Supporting our findings, previously known biomarkers of hypertrophy, such as NPPA and NPPB, also showed a significant differential expression in our datasets. In this paper, we identified and validated two potential cardiac hypertrophy markers, CCN2/CTGF and THBS1.
The PPI analysis identified CCN2/CTGF, which encodes for the protein ‘connective tissue growth factor’, as a central hub node, indicating an important role in the progression of cardiac hypertrophy. The gene expression of CCN2/CTGF was also found to be highly upregulated in both the in vitro and in vivo data. Moreover, the corresponding protein was also significantly upregulated in the conditioned media from the ET-1-treated hiPSC-CMs. Increased levels of CCN2/CTGF have also been observed in conditions such as myocardial infarction, hypertension, and diabetes [22,23,24]. Combining that information with its known profibrotic properties makes it a plausible contributor to the development and progression of cardiac hypertrophy. ET-1 stimulation of rat CMs has previously been shown to upregulate CCN2/CTGF. Additionally, it has been shown that direct treatment by CCN2/CTGF protein stimulates the hypertrophic growth of the cells in rat CMs. However, the expression of known hypertrophic markers, such as BNP and ACTA1, were not elevated under these conditions due to the modulation of different signaling pathways compared to the ET-1 stimulation of CMs, suggesting that CCN2/CTGF protein alone is not sufficient to induce the pathological form of cardiac hypertrophy [25].

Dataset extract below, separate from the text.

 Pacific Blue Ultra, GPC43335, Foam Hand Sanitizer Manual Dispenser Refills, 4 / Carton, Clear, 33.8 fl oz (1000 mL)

There are several studies indicating the role of CCN2/CTGF protein as a biomarker for cardiovascular diseases and report that plasma levels of CCN2/CTGF protein correlate with the plasma levels of the known hypertrophy marker BNP in patients with heart failure. It has also been suggested that CCN2/CTGF protein could be a biomarker for comparing the severeness of heart failure [26,27,28]. Moreover, a recent study comparing patients that underwent septal myectomy due to cardiac hypertrophy to structurally normal hearts that were harvested following non-cardiac-related deaths showed that CCN2/CTGF was significantly upregulated and appeared to be a key mediator of myocardial fibrosis [29]. This study supports the potential role of CCN2/CTGF as a biomarker of cardiac hypertrophy.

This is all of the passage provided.